Exercise goal
No pictures belong in the copy. Retype exactly, and only, the stretch of lines below from the one with "Media Player Classic 6.4.9.0 Français" through the one with "Kalosze Dunlop Pricemastor".

The data
--------

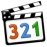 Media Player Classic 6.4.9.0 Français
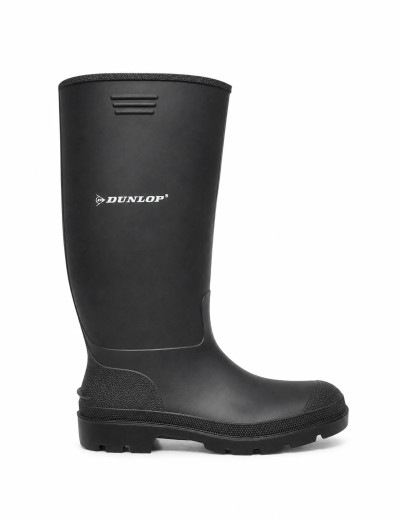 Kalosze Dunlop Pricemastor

--------

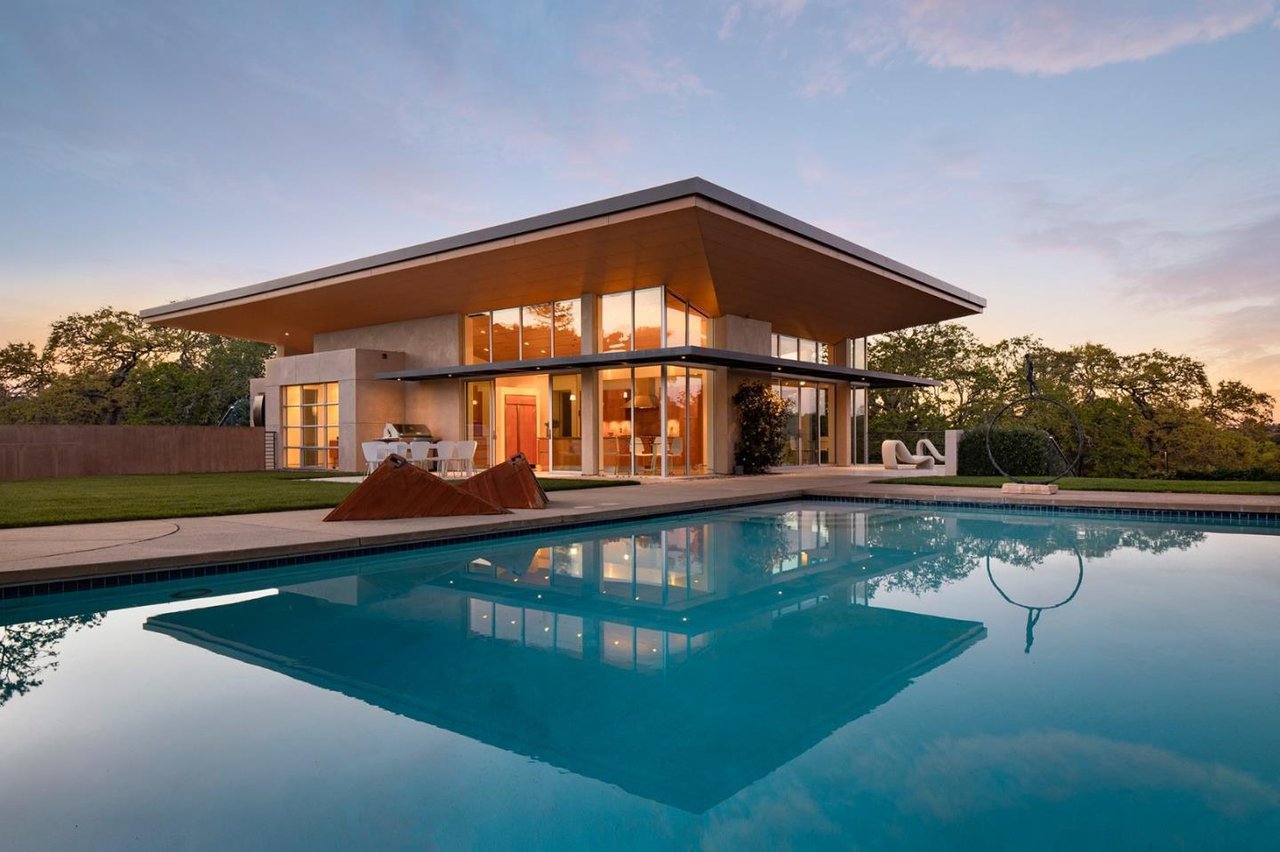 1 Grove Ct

--------

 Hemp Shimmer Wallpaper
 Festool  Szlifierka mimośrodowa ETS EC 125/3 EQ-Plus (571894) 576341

--------

The answer
 Media Player Classic 6.4.9.0 Français
 Kalosze Dunlop Pricemastor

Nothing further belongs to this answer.